Just wondering what is you favorite presentation/lure to use when fishing tanners creek on the Ohio River?


----------



## firedog978 (Aug 2, 2010)

I guess I fish Tanner's as much as anybody. As to a favorite lure there; Well honestly, it depends. Time of year (season), water clarity, time of day, tournament pressure etc.. 
The short answer to your question for me would be these 3.
1. spinner bait
2. crank bait
3. plastic creature bait

Not necessarily in that order. All 3 have produced well for me at Tanner's Creek. 

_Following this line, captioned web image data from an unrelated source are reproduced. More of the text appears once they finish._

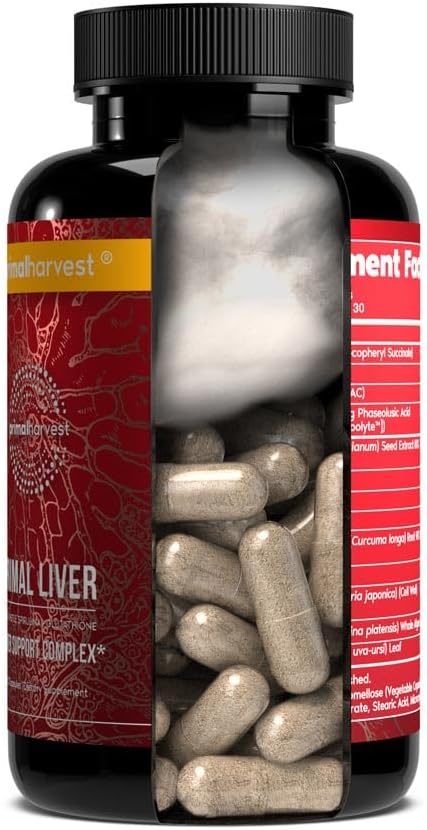 Primal Harvest Primal Liver 2 Pack, Liver Supplement with, Alpha-Lipoic Acid, L-Cysteine HCL, L-Glutathione, Milk Thistle, and Spirulina, for Men and Women, 240 Capsules (2)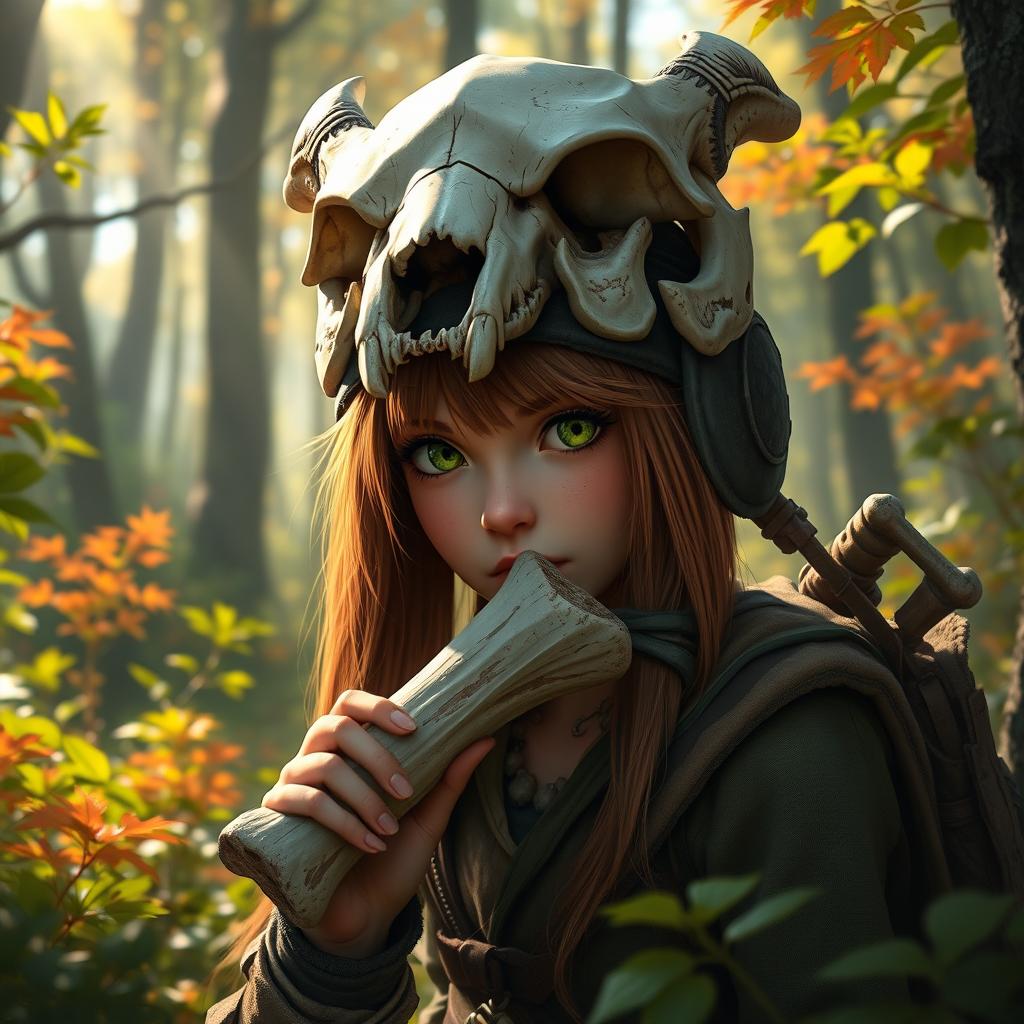 A female feral brown-haired halfling ranger with striking green eyes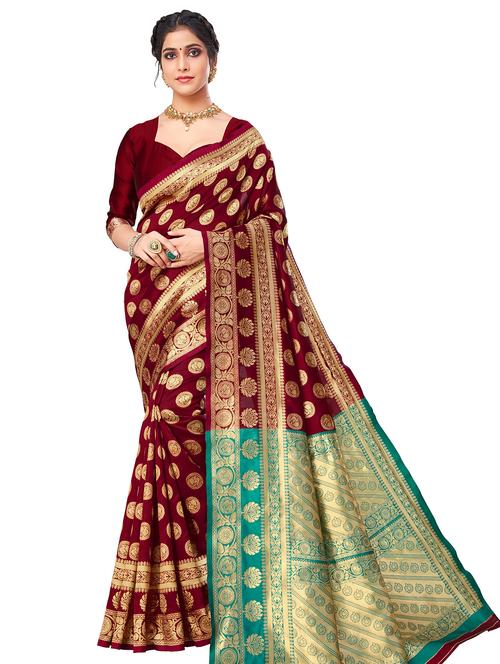 jacquard work handloom saree with blouse - 18043174 - Very Small Image - 1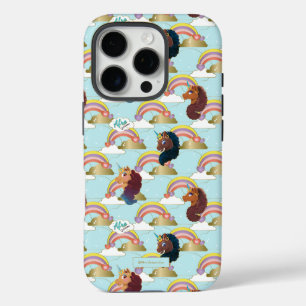 Afro Unicorn Rainbow and Hearts Pattern iPhone 16 Pro Case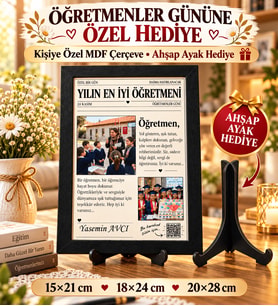 Öğretmenler Gününe Özel “Yılın En İyi Öğretmeni” Kişiye Özel MDF Çerçeve – Ahşap Ayak Hediyeli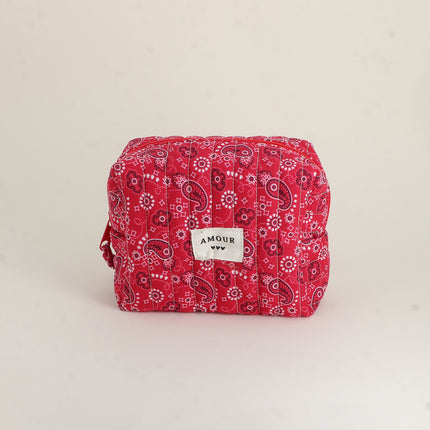 Trousse - AMOUR, 3 coeurs, motifs - 15 x 10 cm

p.s. A buzz bait (black) can also be deadly very early in the morning.


----------



## RBoyer (Jan 7, 2012)

Not sure where this is but I love black jitterbugs for early morning and late evening smallmouth! I fish beaver creek allot on the upper Ohio and I do good with shakey heads, tubes, rooster tail, and dare devil spoons. These 5 baits catch 90% of my creek bass.... They always seem to be biting on one!


-Ryan Boyer


----------



## zooks (Feb 4, 2011)

I've never been to tanner's creek, but it wouldn't be far for me. Is there decent bank fishing around there anywhere? or is all by boat?


----------



## firedog978 (Aug 2, 2010)

zooks, 
This creek runs for many miles and boats can navigate it for many miles. So yes, there is bank fishing available. Right at the Tanner's Creek ramp in Lawrenceburg you can find a good amount of bank fishing. There is always several people or small groups bank fishing there.
The biggest problem bank fishing much of the long run Tanner's makes as I see it from the water would be that, a great deal of it would be private property. You could find places where bridges cross over it to bank fish. 
The only thing I can think of to tell you is, look at it with Google Earth and find those areas convenient to you.


----------